__EXERCISE DIRECTIONS__. Reproduce exactly the lines that run from the start of the records below to the line with "font la différence", inclusive.

__DATA FOR THE TASK__.

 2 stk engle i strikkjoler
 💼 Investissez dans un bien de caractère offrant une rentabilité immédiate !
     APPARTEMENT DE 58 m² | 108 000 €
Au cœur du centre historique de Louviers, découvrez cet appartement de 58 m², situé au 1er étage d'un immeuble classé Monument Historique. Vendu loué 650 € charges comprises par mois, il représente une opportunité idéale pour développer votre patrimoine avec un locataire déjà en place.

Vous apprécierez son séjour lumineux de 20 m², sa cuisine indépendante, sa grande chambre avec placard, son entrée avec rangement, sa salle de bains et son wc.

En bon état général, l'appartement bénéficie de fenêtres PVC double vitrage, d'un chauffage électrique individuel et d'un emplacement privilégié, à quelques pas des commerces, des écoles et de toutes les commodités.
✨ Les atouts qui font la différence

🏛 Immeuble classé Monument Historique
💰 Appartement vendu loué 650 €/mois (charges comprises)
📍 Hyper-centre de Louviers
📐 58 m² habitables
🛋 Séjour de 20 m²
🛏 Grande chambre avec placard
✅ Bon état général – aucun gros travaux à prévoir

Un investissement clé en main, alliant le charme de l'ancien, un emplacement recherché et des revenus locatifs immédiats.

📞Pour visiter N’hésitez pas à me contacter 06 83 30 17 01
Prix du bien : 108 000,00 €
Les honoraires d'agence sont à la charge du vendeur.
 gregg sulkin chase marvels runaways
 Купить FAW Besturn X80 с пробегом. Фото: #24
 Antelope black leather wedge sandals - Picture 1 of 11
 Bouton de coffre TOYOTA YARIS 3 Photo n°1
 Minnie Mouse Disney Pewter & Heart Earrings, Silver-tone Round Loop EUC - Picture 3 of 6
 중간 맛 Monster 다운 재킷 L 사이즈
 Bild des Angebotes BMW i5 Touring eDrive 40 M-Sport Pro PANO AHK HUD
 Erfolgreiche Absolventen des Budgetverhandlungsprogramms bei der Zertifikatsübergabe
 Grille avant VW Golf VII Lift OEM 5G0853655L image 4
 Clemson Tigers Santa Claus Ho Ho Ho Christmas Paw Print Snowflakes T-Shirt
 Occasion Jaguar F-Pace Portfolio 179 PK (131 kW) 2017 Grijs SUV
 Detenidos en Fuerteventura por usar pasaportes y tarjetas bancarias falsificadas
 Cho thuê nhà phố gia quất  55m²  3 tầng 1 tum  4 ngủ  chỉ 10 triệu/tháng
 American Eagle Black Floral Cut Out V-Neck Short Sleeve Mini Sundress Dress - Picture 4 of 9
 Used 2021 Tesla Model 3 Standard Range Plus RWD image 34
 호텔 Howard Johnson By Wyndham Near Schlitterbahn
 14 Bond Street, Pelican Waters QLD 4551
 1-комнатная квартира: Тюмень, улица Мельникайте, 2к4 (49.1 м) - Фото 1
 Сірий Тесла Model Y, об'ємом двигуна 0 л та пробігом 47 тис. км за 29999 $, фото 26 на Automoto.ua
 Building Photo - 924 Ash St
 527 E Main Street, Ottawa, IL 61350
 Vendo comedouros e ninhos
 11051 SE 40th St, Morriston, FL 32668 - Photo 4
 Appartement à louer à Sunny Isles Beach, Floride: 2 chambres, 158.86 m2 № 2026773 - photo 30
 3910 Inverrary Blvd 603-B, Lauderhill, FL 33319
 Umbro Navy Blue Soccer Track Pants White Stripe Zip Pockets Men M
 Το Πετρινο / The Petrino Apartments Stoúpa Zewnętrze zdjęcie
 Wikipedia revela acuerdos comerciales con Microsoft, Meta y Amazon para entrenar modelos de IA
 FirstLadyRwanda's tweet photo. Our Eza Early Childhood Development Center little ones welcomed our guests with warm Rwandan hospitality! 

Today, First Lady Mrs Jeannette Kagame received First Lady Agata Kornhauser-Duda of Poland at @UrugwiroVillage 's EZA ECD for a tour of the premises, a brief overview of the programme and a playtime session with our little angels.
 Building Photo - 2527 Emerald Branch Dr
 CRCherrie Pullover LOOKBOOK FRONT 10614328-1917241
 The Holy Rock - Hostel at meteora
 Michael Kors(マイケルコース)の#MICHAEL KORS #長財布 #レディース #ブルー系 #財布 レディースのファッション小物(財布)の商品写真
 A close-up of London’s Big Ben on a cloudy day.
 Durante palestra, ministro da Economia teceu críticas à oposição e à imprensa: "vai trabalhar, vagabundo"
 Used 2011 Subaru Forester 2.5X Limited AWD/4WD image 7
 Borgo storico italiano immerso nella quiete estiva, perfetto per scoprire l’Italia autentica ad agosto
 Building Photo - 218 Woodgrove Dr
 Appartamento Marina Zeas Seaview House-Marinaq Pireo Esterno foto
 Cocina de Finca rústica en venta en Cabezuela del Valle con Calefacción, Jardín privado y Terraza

__TASK SOLUTION__.
 2 stk engle i strikkjoler
 💼 Investissez dans un bien de caractère offrant une rentabilité immédiate !
     APPARTEMENT DE 58 m² | 108 000 €
Au cœur du centre historique de Louviers, découvrez cet appartement de 58 m², situé au 1er étage d'un immeuble classé Monument Historique. Vendu loué 650 € charges comprises par mois, il représente une opportunité idéale pour développer votre patrimoine avec un locataire déjà en place.

Vous apprécierez son séjour lumineux de 20 m², sa cuisine indépendante, sa grande chambre avec placard, son entrée avec rangement, sa salle de bains et son wc.

En bon état général, l'appartement bénéficie de fenêtres PVC double vitrage, d'un chauffage électrique individuel et d'un emplacement privilégié, à quelques pas des commerces, des écoles et de toutes les commodités.
✨ Les atouts qui font la différence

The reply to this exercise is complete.